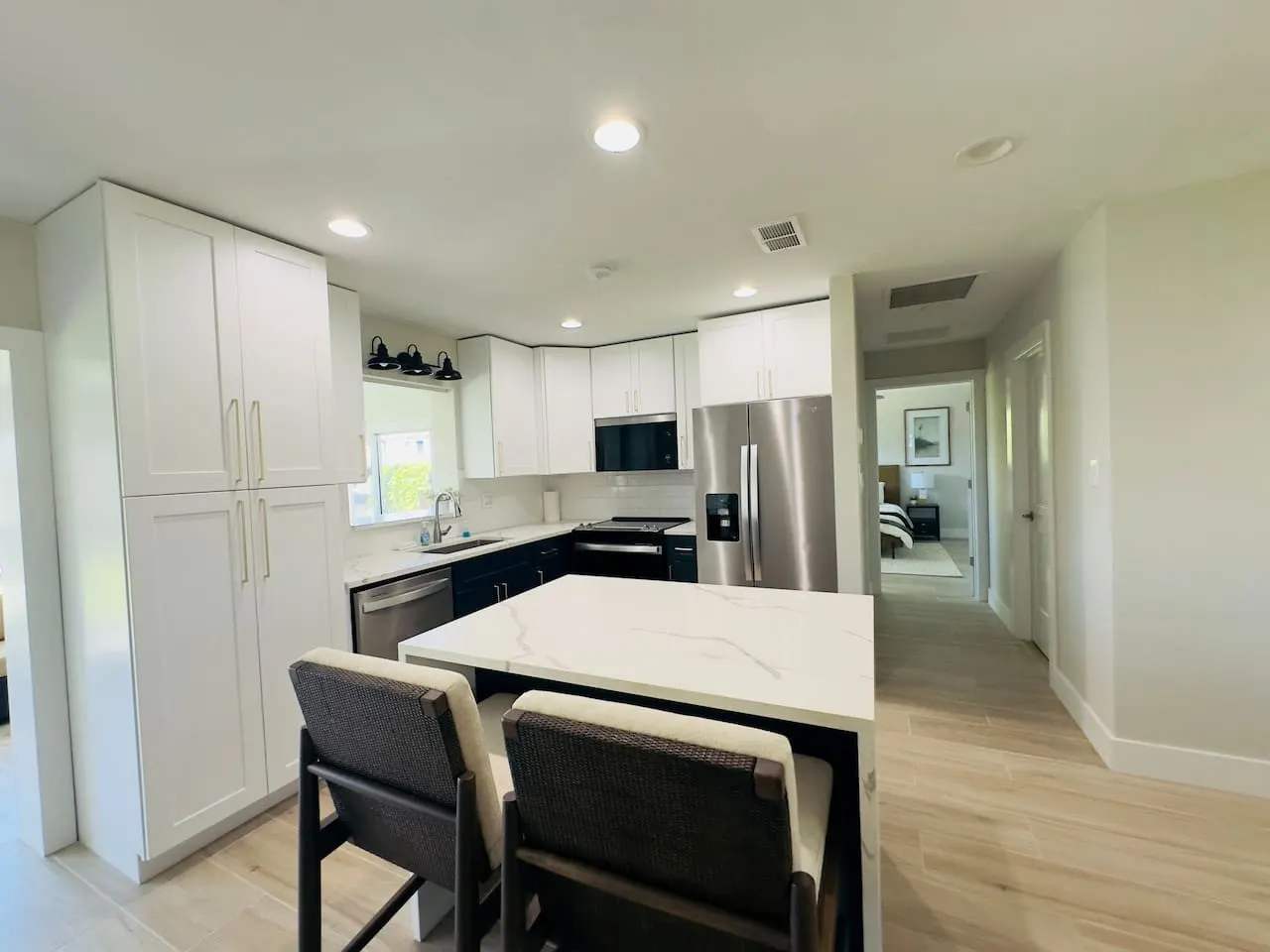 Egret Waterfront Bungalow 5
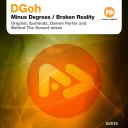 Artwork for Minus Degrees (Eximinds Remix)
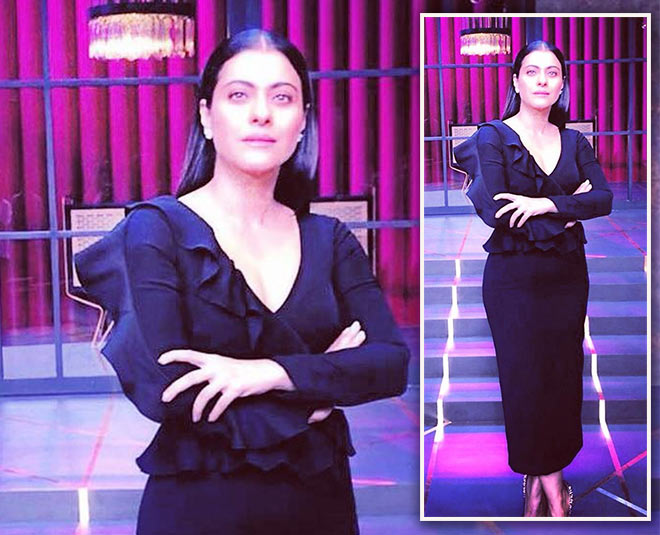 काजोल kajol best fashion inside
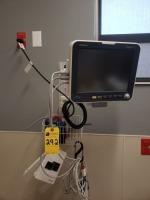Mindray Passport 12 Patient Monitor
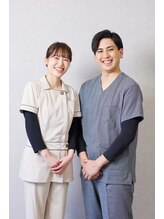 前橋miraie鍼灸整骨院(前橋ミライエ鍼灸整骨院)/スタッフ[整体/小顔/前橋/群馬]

****************************************

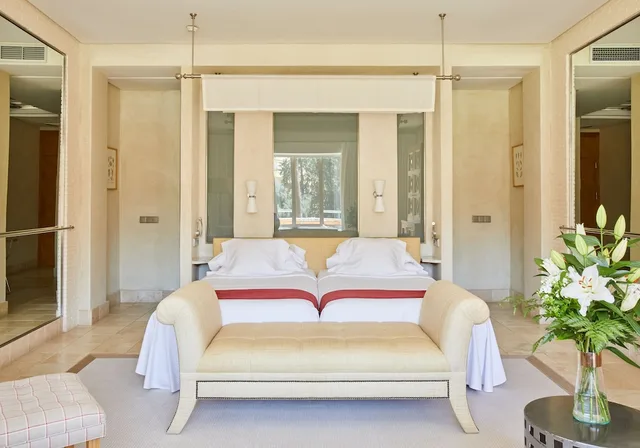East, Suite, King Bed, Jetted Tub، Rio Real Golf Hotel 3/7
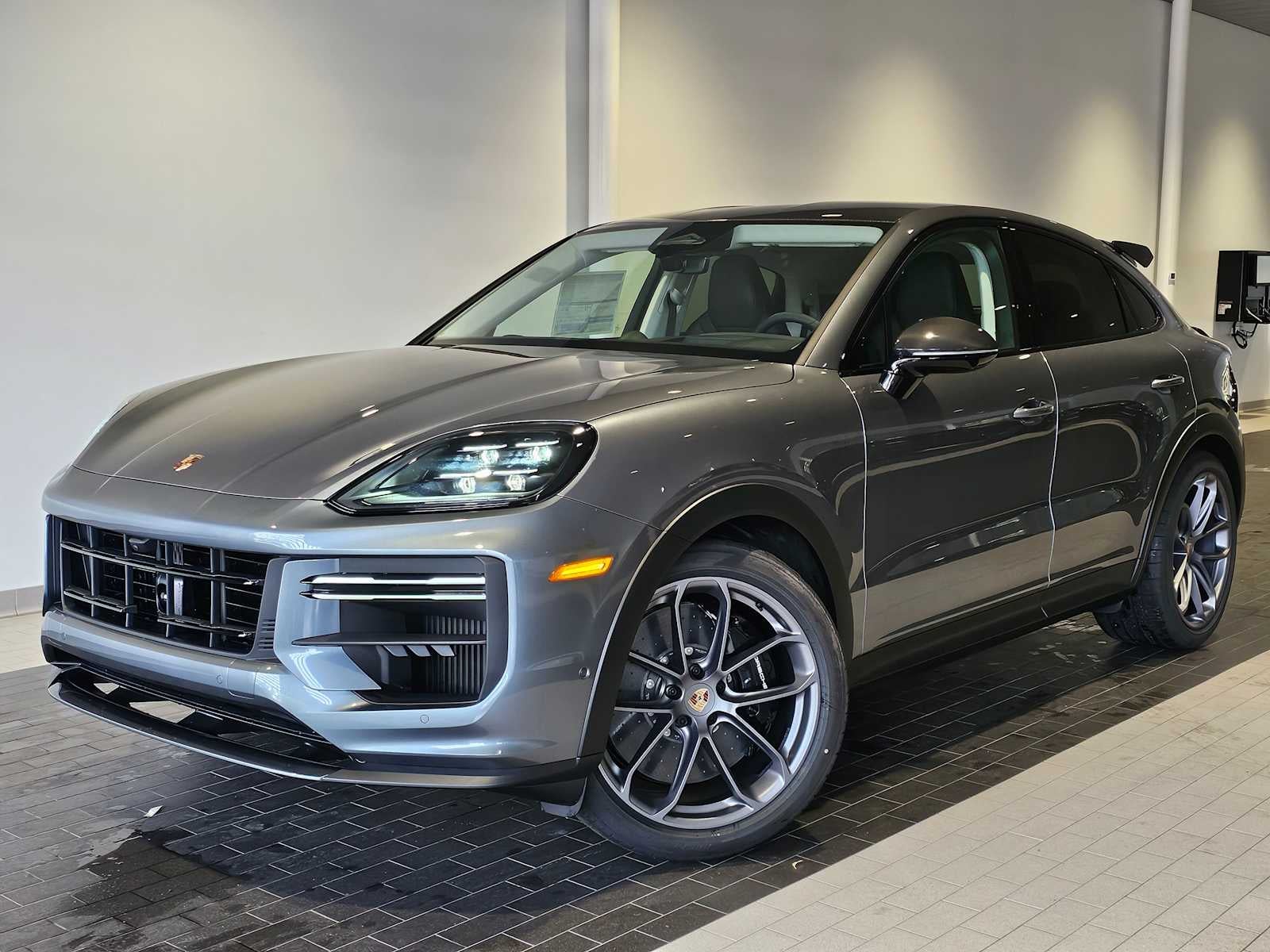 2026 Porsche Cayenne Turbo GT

****************************************

Taking the entries above, extract every line from the one bearing "Artwork for Minus Degrees (Eximinds Remix)" through the one bearing "前橋miraie鍼灸整骨院(前橋ミライエ", exactly, with no pictures.

 Artwork for Minus Degrees (Eximinds Remix)
 काजोल kajol best fashion inside
Mindray Passport 12 Patient Monitor
 前橋miraie鍼灸整骨院(前橋ミライエ鍼灸整骨院)/スタッフ[整体/小顔/前橋/群馬]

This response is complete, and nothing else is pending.